> [Activity] Except for the images, repeat the entries below word for word.

> [Records to process]
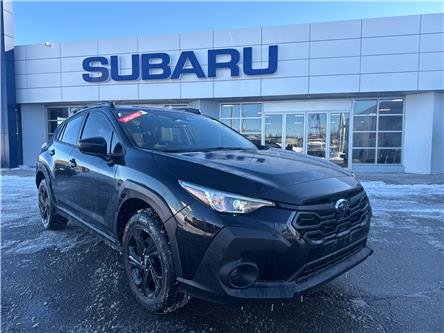 2024 Subaru Crosstrek Convenience (Stk: L701) in Newmarket - Image 1 of 16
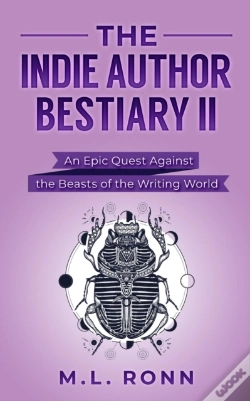 Capa do artigo Indie Author Bestiary Ii
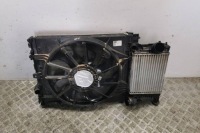 фото thumb №7, Комплект радиатор nissan qashqai ii j11, j11_ 0130708502 1.3l бензиновый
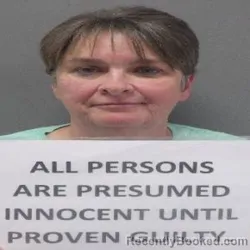 Mugshot of LISA J ADAMS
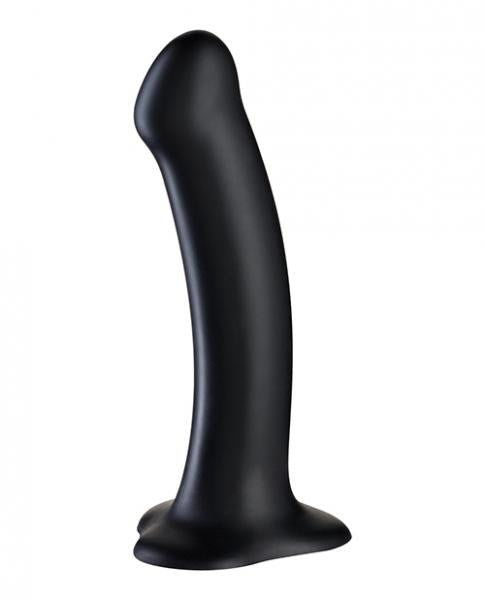 Fun Factory Magnum 7" Silicone Dildo - Black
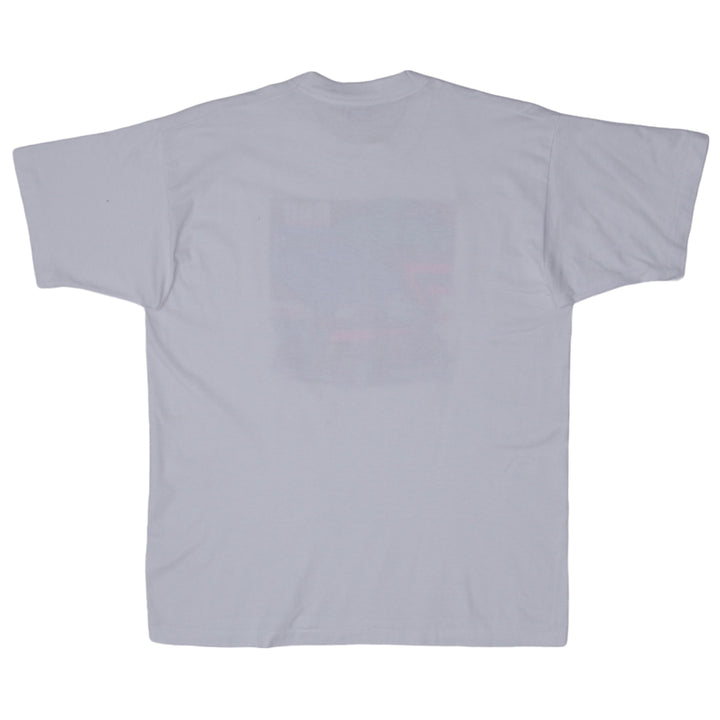 89 Vintage The Rod by Ford Single Stitch XL | Migration_T-Shirts FBFIRST20 UAENAT40 - Side View | Fashion Rerun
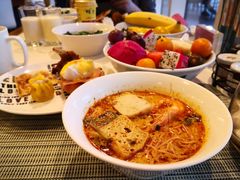 -The COOK·厨餐厅·自助餐(浦东嘉里大酒店)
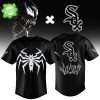 Chicago White Sox x Garfield “Lazy Home Run” Baseball Jersey Limited Edition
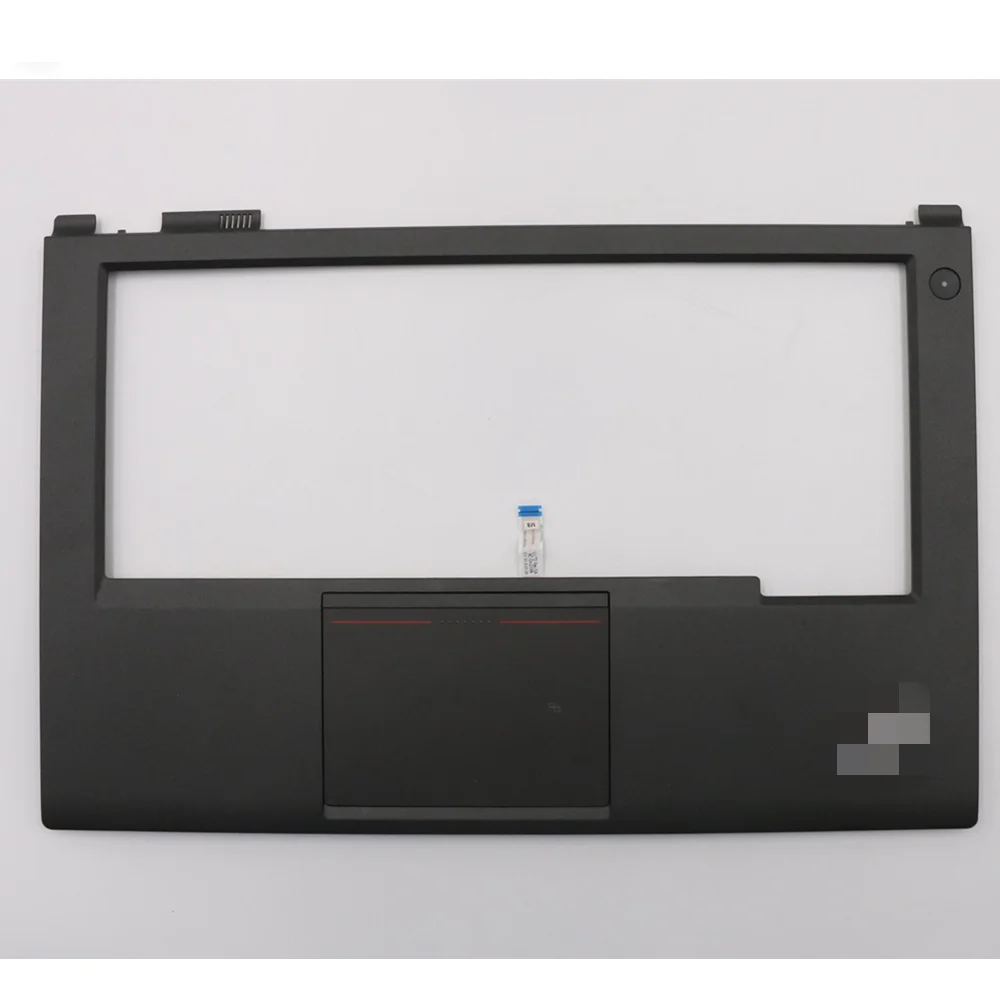New/Orig For Lenovo ThinkPad T440P Palmrest Keyboard Bezel KBD Upper Case Cover C shell C Cover with Touchpad Cable NFC 04X5397
New/Orig For Lenovo ThinkPad T440P Palmrest Keyboard Bezel KBD Upper Case Cover C shell C Cover with Touchpad Cable NFC 04X5397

> [Expected answer]
 2024 Subaru Crosstrek Convenience (Stk: L701) in Newmarket - Image 1 of 16
 Capa do artigo Indie Author Bestiary Ii
 фото thumb №7, Комплект радиатор nissan qashqai ii j11, j11_ 0130708502 1.3l бензиновый
 Mugshot of LISA J ADAMS
 Fun Factory Magnum 7" Silicone Dildo - Black
 89 Vintage The Rod by Ford Single Stitch XL | Migration_T-Shirts FBFIRST20 UAENAT40 - Side View | Fashion Rerun
 -The COOK·厨餐厅·自助餐(浦东嘉里大酒店)
 Chicago White Sox x Garfield “Lazy Home Run” Baseball Jersey Limited Edition
New/Orig For Lenovo ThinkPad T440P Palmrest Keyboard Bezel KBD Upper Case Cover C shell C Cover with Touchpad Cable NFC 04X5397
New/Orig For Lenovo ThinkPad T440P Palmrest Keyboard Bezel KBD Upper Case Cover C shell C Cover with Touchpad Cable NFC 04X5397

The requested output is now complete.